Supplied material
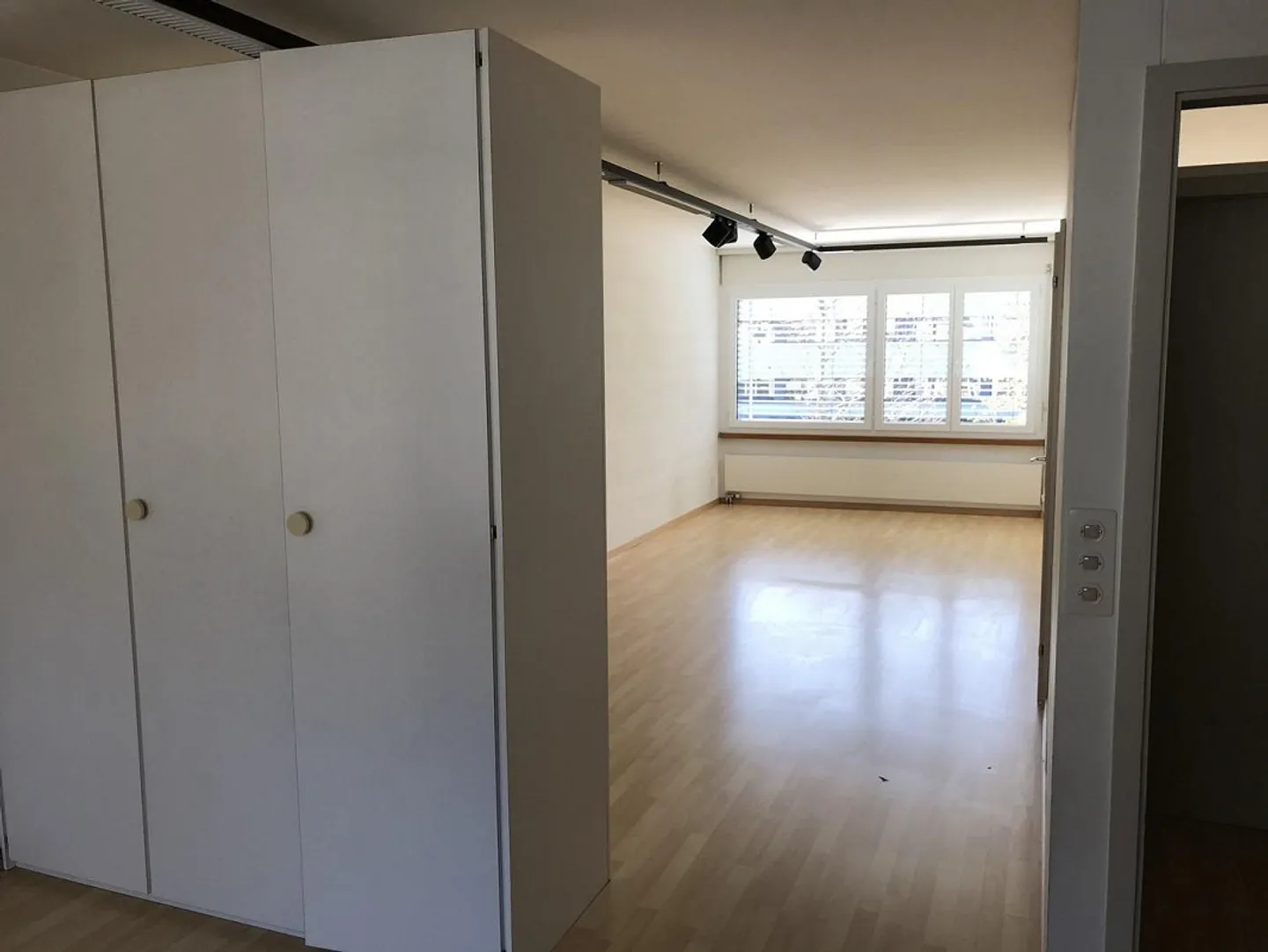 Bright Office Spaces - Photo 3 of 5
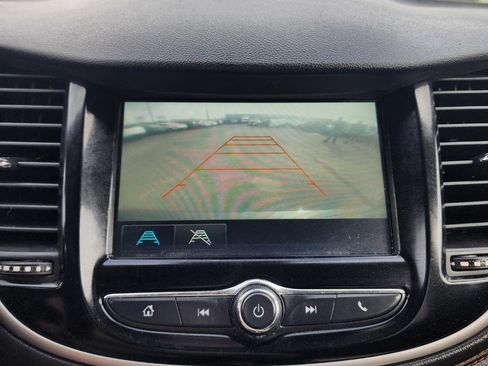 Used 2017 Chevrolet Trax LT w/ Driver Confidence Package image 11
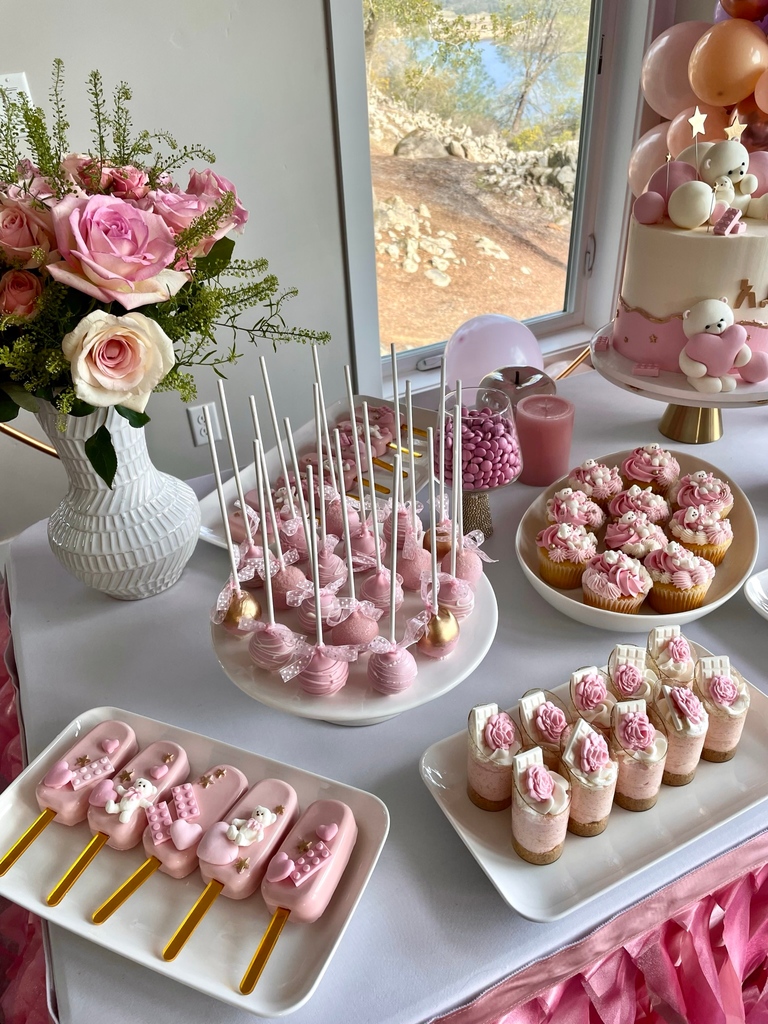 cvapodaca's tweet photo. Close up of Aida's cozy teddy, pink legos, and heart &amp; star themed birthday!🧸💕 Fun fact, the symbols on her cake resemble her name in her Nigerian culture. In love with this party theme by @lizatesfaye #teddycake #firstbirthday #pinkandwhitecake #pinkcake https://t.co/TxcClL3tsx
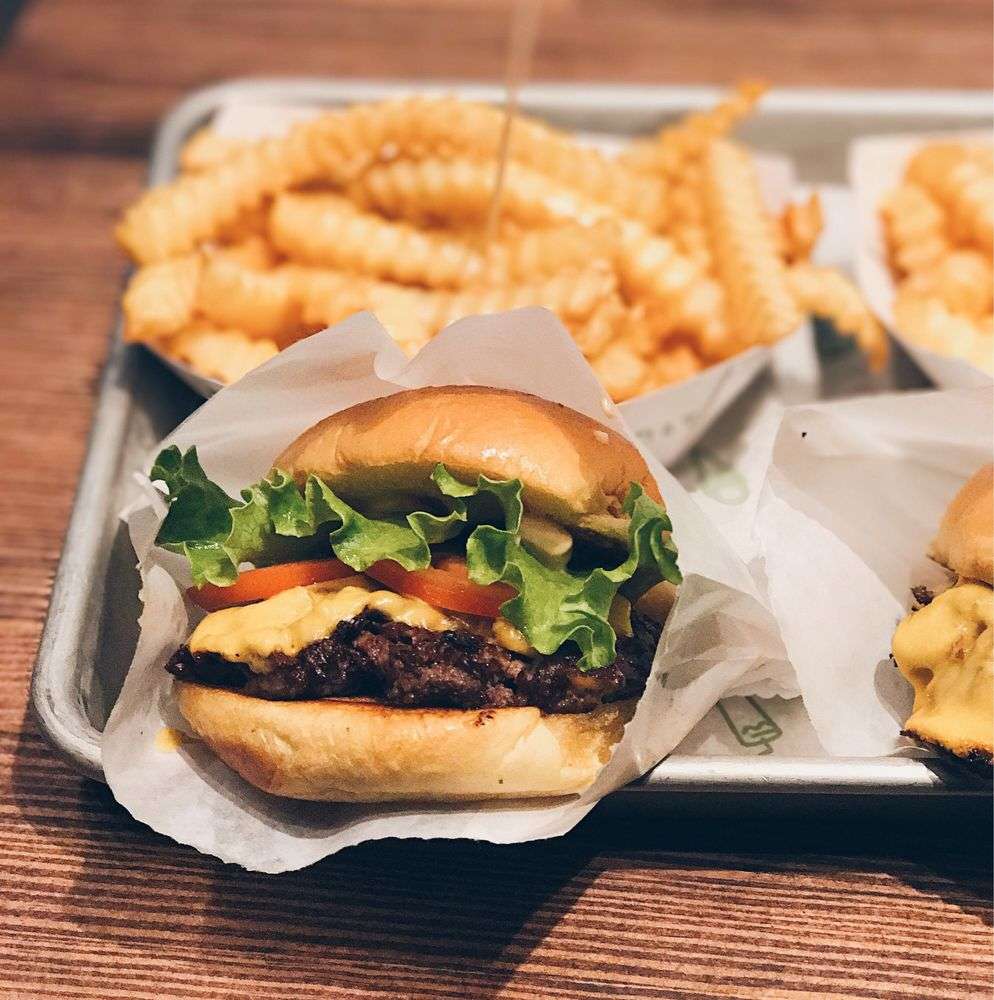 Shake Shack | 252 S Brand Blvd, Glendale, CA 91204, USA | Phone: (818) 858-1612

Work order
Return exactly the lines starting at the line with "cvapodaca's tweet photo." and ending at the last line of the listing, both ends included; pictures are to be left out.

Solution to the exercise
 cvapodaca's tweet photo. Close up of Aida's cozy teddy, pink legos, and heart &amp; star themed birthday!🧸💕 Fun fact, the symbols on her cake resemble her name in her Nigerian culture. In love with this party theme by @lizatesfaye #teddycake #firstbirthday #pinkandwhitecake #pinkcake https://t.co/TxcClL3tsx
 Shake Shack | 252 S Brand Blvd, Glendale, CA 91204, USA | Phone: (818) 858-1612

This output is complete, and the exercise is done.